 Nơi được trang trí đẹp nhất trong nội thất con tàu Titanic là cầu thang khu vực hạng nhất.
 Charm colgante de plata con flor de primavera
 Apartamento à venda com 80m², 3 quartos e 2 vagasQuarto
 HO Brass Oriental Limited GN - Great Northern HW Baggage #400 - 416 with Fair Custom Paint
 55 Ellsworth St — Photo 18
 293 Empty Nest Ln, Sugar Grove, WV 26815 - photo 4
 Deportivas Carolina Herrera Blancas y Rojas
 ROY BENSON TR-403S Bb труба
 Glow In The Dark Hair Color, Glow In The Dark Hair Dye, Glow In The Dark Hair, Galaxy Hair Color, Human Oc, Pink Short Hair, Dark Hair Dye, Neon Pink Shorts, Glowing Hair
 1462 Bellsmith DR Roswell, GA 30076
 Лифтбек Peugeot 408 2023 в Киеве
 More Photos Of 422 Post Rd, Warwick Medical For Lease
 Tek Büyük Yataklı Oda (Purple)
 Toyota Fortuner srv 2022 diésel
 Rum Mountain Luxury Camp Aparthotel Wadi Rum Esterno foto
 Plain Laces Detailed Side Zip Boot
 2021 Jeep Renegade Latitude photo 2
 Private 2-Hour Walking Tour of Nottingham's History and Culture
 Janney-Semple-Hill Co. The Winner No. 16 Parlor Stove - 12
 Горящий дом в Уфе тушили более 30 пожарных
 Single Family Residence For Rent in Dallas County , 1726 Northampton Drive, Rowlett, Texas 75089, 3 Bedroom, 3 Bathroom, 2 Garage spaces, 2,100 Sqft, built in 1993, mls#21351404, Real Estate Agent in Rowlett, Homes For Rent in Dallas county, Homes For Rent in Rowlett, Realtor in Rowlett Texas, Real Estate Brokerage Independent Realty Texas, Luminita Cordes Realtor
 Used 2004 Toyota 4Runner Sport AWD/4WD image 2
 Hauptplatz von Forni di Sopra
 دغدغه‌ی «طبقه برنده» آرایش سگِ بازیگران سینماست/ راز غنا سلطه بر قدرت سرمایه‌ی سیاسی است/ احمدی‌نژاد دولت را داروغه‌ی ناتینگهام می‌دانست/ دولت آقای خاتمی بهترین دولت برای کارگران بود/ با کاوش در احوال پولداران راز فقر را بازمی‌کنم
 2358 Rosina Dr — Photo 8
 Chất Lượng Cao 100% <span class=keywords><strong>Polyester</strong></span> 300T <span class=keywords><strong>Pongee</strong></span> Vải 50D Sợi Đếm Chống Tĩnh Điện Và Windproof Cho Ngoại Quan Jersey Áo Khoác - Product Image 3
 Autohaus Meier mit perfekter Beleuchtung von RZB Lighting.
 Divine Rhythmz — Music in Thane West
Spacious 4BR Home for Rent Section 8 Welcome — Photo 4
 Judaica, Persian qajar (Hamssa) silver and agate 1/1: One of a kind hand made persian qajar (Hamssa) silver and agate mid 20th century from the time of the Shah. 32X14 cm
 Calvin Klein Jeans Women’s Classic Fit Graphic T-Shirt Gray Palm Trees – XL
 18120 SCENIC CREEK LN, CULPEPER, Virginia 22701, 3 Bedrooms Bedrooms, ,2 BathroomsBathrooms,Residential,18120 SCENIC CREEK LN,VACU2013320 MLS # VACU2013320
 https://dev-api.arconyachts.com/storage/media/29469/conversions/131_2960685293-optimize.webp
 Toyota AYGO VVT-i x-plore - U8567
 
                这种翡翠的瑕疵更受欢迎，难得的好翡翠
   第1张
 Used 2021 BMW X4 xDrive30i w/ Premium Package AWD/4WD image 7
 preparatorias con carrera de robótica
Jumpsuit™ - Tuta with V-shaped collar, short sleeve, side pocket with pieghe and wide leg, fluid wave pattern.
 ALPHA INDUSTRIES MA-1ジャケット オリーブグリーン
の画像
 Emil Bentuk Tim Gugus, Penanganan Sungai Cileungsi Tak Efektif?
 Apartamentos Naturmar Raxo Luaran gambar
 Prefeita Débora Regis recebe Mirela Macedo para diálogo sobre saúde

★ ★ ★ ★ ★ ★ ★

◆ **Exercise aim**:
Reproduce verbatim the lines above, from the line with "ROY BENSON TR-403S Bb труба" through the line with "Hauptplatz von Forni di Sopra".

◆ **Response below**:
 ROY BENSON TR-403S Bb труба
 Glow In The Dark Hair Color, Glow In The Dark Hair Dye, Glow In The Dark Hair, Galaxy Hair Color, Human Oc, Pink Short Hair, Dark Hair Dye, Neon Pink Shorts, Glowing Hair
 1462 Bellsmith DR Roswell, GA 30076
 Лифтбек Peugeot 408 2023 в Киеве
 More Photos Of 422 Post Rd, Warwick Medical For Lease
 Tek Büyük Yataklı Oda (Purple)
 Toyota Fortuner srv 2022 diésel
 Rum Mountain Luxury Camp Aparthotel Wadi Rum Esterno foto
 Plain Laces Detailed Side Zip Boot
 2021 Jeep Renegade Latitude photo 2
 Private 2-Hour Walking Tour of Nottingham's History and Culture
 Janney-Semple-Hill Co. The Winner No. 16 Parlor Stove - 12
 Горящий дом в Уфе тушили более 30 пожарных
 Single Family Residence For Rent in Dallas County , 1726 Northampton Drive, Rowlett, Texas 75089, 3 Bedroom, 3 Bathroom, 2 Garage spaces, 2,100 Sqft, built in 1993, mls#21351404, Real Estate Agent in Rowlett, Homes For Rent in Dallas county, Homes For Rent in Rowlett, Realtor in Rowlett Texas, Real Estate Brokerage Independent Realty Texas, Luminita Cordes Realtor
 Used 2004 Toyota 4Runner Sport AWD/4WD image 2
 Hauptplatz von Forni di Sopra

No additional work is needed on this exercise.